The Wall Street Journal article The Fatal Mistake That Doomed Samsung’s Galaxy Note, writes about Samsung’s choice to release the Galaxy Note 7.
Galaxy Note 7 was released in early September. The phone was reported by users to have a small bulge and be catching on fire.Samsung needed to have the problem solved so the batteries were scanned by laboratories that found a slight protrusion in the phone. The Note 7 battery was in fact provided by a separate company than Samsung. Following this action, Samsung made the decision to recall 2.5 million phones. They remade and sold millions of phones with batteries from a different supplier. Unfortunately, there were further incidences of problems with the new, safe phones.
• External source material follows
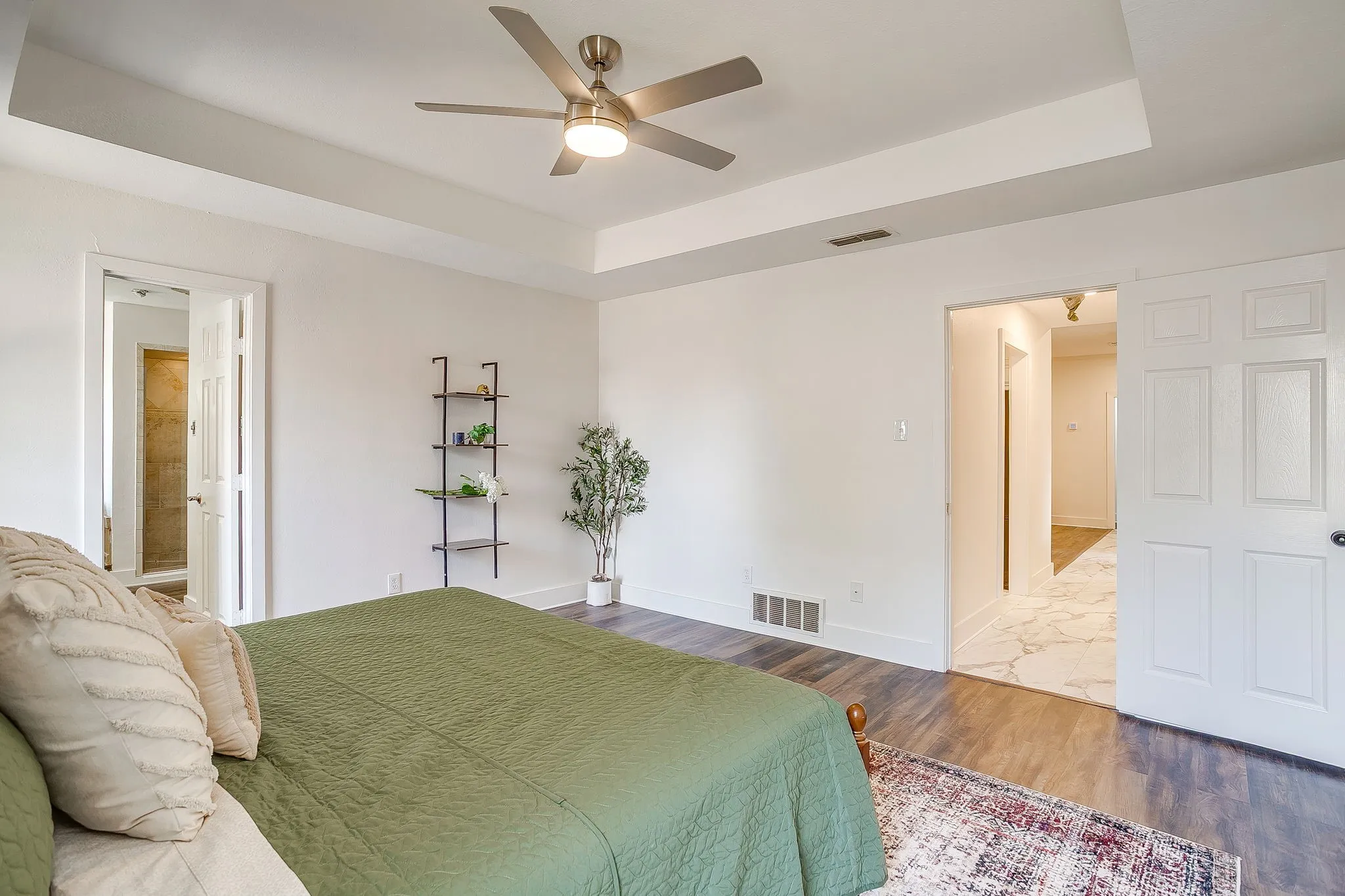 Single Family Residence For Sale in Tarrant County , 6824 Ridgewood Drive, North Richland Hills, Texas 76182, 4 Bedroom, 2 Bathroom, 2 Garage spaces, 1,978 Sqft, built in 1986, mls#21377704, Real Estate Agent in North Richland Hills, Homes For Sale in Tarrant county, Homes For Sale in North Richland Hills, Realtor in North Richland Hills Texas, Real Estate Brokerage Independent Realty Texas, Luminita Cordes Realtor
Samsung had to recant their statement about the battery problem and look further into the Note 7 problems.
According to Kant’s, Principles of Metaphysics of Morals, a good intention is that that is done with a good will, for the sake of duty, and done simply because it is what is supposed to done. Under these rules Samsung made the correct move as they released the Note 7 and also as they were recalled and new versions were sold, even though the problem seems to still be present. Kant believes that it is the intention that matters as opposed to the consequences that follow.
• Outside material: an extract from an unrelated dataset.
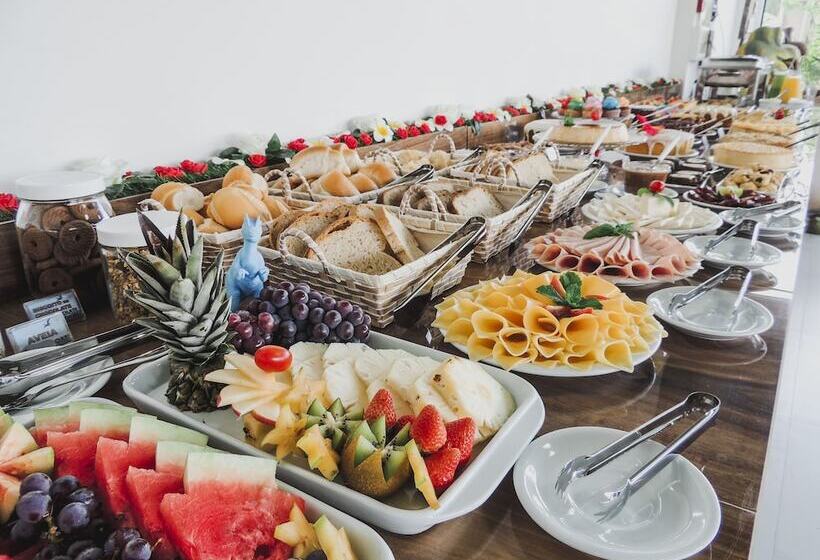 هتل Recanto Dos Dinossauros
Samsung released a new product, the Galaxy Note 7, for the purpose of giving consumers a the newest and most advanced phone option. They had every intention to provide a well working, efficient phone to the world, but consequences did follow. The company took responsibility and is trying to correct their actions. Should consumers still be upset with Samsung even if they company showed good intent? According to Kant, the answer would be no. Would you follow Kant’s principles of metaphysics of morals?